FORTUNATELY, GPS mapping can help prevent some of these problems!





In 1978, our Department of Defense started to create a network of (24) satellites intended for military applications. This was called the Global Positioning System (GPS). They wanted to give field soldiers the ability to tell where they were located, in what direction they were going, and how far they had to go.  The satellite network was completed in 1994. In the 1980's, the government made it available for civilian use.  Shortly, if you want to know exactly where your at, you’ll ask your cell phone.  If your in an accident and use your cell phone to call 911, they’ll know exactly where your at.

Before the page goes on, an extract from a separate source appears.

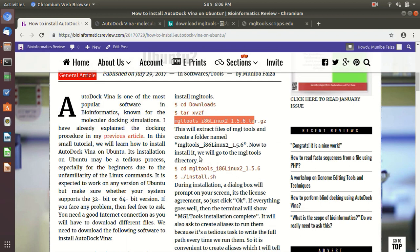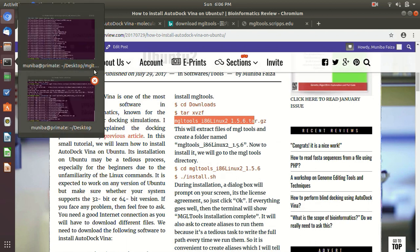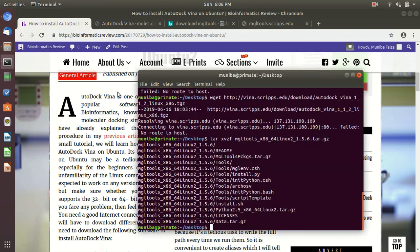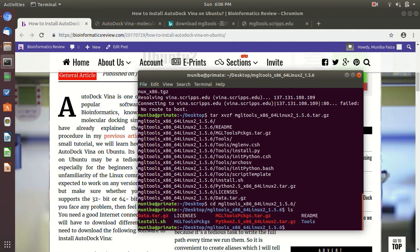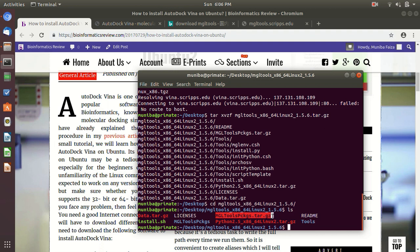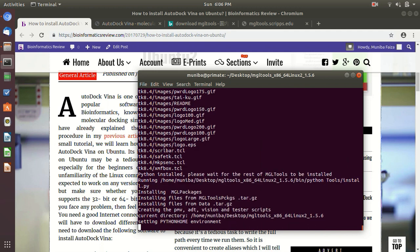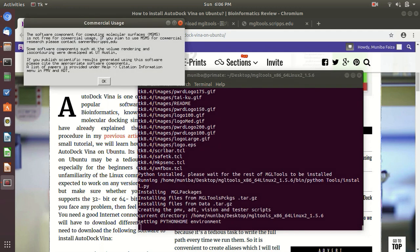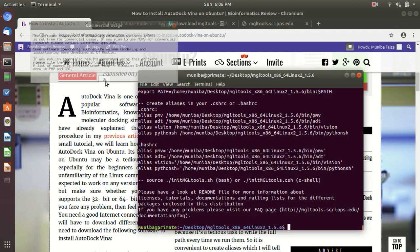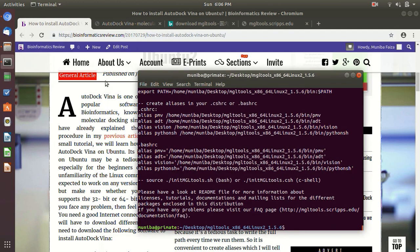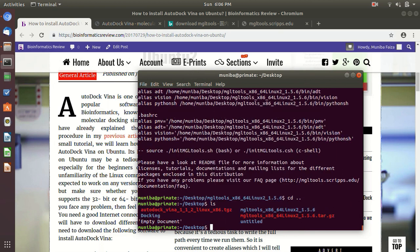Okay, so we have already untarred this MGL Tools. Now we are going to enter in this. Okay, cd space. Okay, here you see there are many packages. I have already untarred this one, MGL Tools packages, and now we are just going to install it. Dot slash install dot. Installing right now.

The GPS system is made up of three parts: satellites that orbit the earth; monitoring stations on earth; and receivers that are owned by individuals – like us.  The satellites broadcast signals that are picked up and identified by our receivers.  These receivers provide a 3-dimension display of your location (latitude, longitude, & altitude).   Normally, altitude is of little value when cemetery hunting, unless, your looking for one that’s located on top of a mountain.  However, latitude and longitude are certainly of extreme value.  Together, these two values will tell you exactly where something can be found – today; next year; a thousand years from now! 





Accuracy is really determined by Uncle Sam’s permission, the number of satellites that your receiver can lock-on to and how new your receiver is.  Typically, all the cemeteries that are listed in the SCGS SC Cemetery Project has an accuracy of 30’ or better. 





Think of a GPS recording as a numerical mailing address.  Instead of using my 203 Eagles Landing Lane, Seneca, SC 29672 address, you could use a GPS of N34 42.417, W82 56.505.  The Post Office won’t be able to find me, but Google Maps sure could.


Example:  Want to come over for a visit?  Visit and input N34 42.417, W82 56.505 in the Search Maps box.  Google will now give you the option of viewing a Road Map, Terrain Map or give you a Aerial/Satellite View of my house. 


If you select the close-up Satellite View, you can actually see where I have planted bushes in front of my house.  The satellite image is dated 2008, but it does not show the addition that we put on the back of our house in early 2007.  I assume that the aerial imaging was actually done in 2005-2006.  Also, Google uses the word "satellite", but most of their high-resolution imagery is actually aerial photography - taken from airplanes, rather than from satellites.  So updating this information would be expensive and very time consuming for them.  Also, we have (3) nuclear reactors just 10 miles North of us and having available up-to-date imaging on-line might be a security issue.    


Google Maps has now advanced to the point where you can Satellite view an intersection in a major city.  Then you zoom-in and they’ll provide you with a 360° view – just as if you were actually standing under the traffic light and turning around…





There are so many different types of GPS receivers on the market, that it’s difficult to recommend a manufacturer or model number.  However, if I was to buy a new one, I would buy another Garmin. Normally, a receiver’s default format will be preset to display GPS values in degrees/minutes/seconds.  In my SC Cemetery Project, I’m using the more accurate degrees/decimal-minutes recording format.     I would want to make sure that I could physically change the receiver’s display setting.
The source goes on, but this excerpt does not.